О трагедиях последователей его, покоящихся после однодневной жизни в «Российском феатре», нечего и упоминать. Не стану говорить и о трагедиях, в новейшее время перенесенных с иностранных театров на наш усердными переводчиками, о сих несчастных эмигрантах (разумеется, не без исключения), жалких и разительных свидетельствах изменения судьбы человеческой, сохранивших у нас одно прежнее имя, но оставивших на отечественной земле и богатство свое и славу отцов!
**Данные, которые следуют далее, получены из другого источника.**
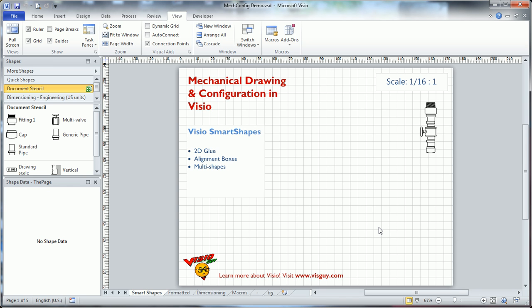Hi everybody. I wanted to talk a little bit today about how you can use some of Visio's built-in features and how you can do some custom work yourself to create a solution that might help you to create some mechanical drawings or say a configuration tool that takes the form of a Visio drawing.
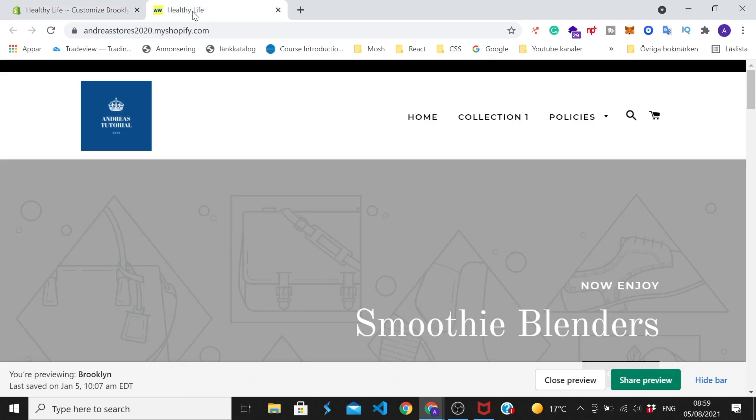Okay everyone, so comment below if this worked out for you. Also check out my full Shopify tutorial playlist in the description below. Subscribe for more of these tutorials. Have an awesome day. Take care and bye.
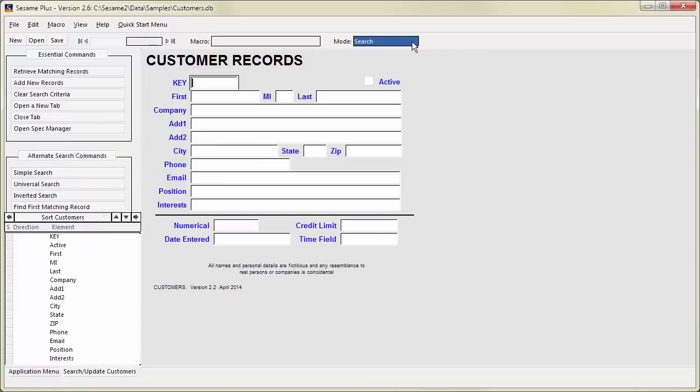In Search Mode, the mode indicator is blue and says Search. We'll explore the different ways to search for your records later. Since entering no criteria means get all the records, leave the Retrieve spec blank for now and press F10 or click the Retrieve matching records button on the Command menu to enter Update Mode.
Кажется, решительно можно сказать, что у нас не было трагедий, и величество Мельпомены не царствовало на трагической сцене. Актеры под пышными именами выходили перед зрителями, говорили стихи, иногда хорошие, чаще дурные; зрители рукоплескали, чаще зевали; но и рукоплескания их были данию звучности стихов, блестящему выражению, сильным изречениям, сохранению некоторых условий искусства, но тайна трагедии не была еще постигнута. Явился Озеров – и Мельпомена приняла владычество свое над душами. Мы услышали голос ее, повелевающий сердцу, играющий чувствами, сей голос – столь красноречивый в Расине и Вольтере. В первый раз увидели мы на сцене не актеров, пожалованных по произволу автора в греческих, римских или русских героев и представляющих нам галерею портретов почти на одно лицо, которое узнавать надобно было по надписи.
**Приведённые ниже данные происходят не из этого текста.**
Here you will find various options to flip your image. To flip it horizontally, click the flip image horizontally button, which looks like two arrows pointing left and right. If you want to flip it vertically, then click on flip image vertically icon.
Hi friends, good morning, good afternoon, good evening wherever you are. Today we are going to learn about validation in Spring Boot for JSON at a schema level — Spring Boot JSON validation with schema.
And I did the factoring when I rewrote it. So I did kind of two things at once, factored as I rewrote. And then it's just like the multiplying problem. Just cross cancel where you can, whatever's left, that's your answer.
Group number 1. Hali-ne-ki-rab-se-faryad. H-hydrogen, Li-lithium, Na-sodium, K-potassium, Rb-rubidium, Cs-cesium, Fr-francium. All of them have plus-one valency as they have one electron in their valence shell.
Но прежде нежели представим Озерова на русской сцене, на степени его достойном, взглянем на первые труды, предшествовавшие «Эдипу», коим началась новая эпоха в истории театра и словесности нашей.
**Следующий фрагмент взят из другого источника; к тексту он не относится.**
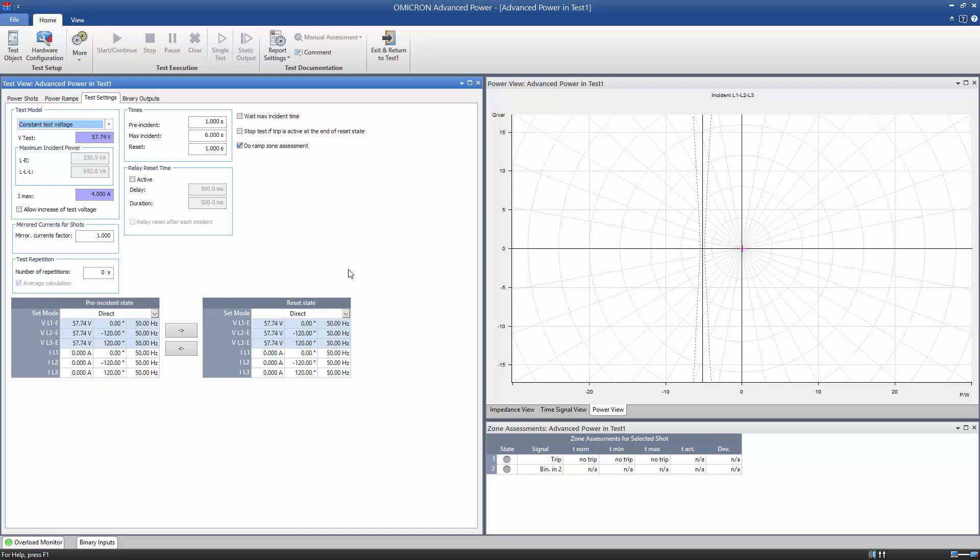The Advanced Power module offers three tabs to set up the tests. In the Test Settings tab, we specify general test settings.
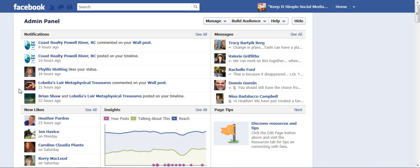Hi this is Heather with KeepItSimpleSocialMedia.com and today I just want to take a little walk on our business page news feed in order to show you a couple of tabs that you might not have clicked at this time.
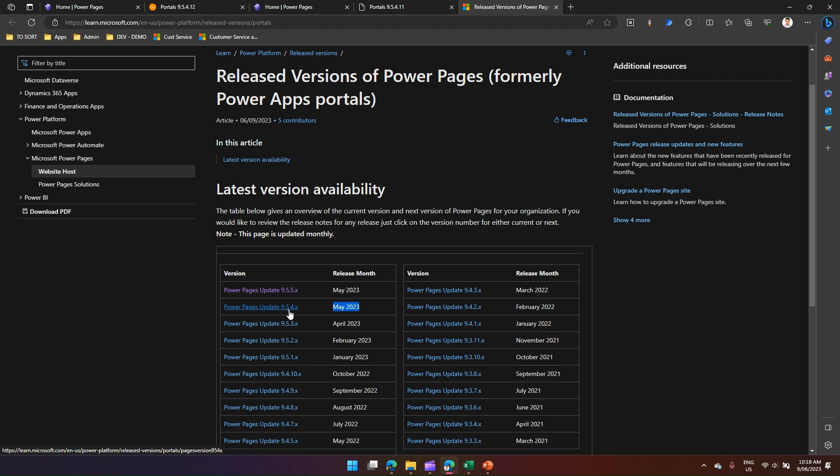That's it, folks. This is how you extract the version number of a Power Pages site installed within your tenant. Thanks for watching.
Первый шаг Озерова в области поэзии был перевод из Колардо героиды «Элоизы к Абеларду». В кратком предисловии, напечатанном при переводе, уведомляет он читателей, что предлагает им первый опыт свой в стихах и извиняется в смелости состязаться с счастливым соперником, утвердившим во Франции свою славу переводом из Попа письма, известного любителям словесности; он признается, что чтение стихов Колардо родило в нем вдохновение Аполлона и воспламенило воображение, не тронутое до того волшебным жезлом поэзии. «Читая Колардо, – говорит Озеров, – я был восхищен. Мне открылся путь Парнасский, и я почувствовал вдохновение Аполлона, о котором прежде и мысли не имел». Так добродушный Лафонтен, до конца жизни не проведавший тайны славы своей, тайны, темной для одних его глаз, обязан был чтению оды Малерба открытием своего дарования. Поставить переводы наряду с подлинником – невозможно; но не признать в переводчике Колардо грядущего поэта было бы несправедливо. Многие стихи, несмотря на тогдашнее несовершенство нашего стихотворческого языка, могли бы украсить и в теперешнее время лучшее из наших стихотворений. Вообще рассказ и порывы страсти удачнее прочего сохранены переводчиком, еще непосвященным, но втайне обреченным любимцем Мельпомены. Его прочие мелкие стихотворения не свидетельствуют о поэтическом даровании, развернувшемся в трагедиях; а лирические песни доказывают, что Озеров не был лириком.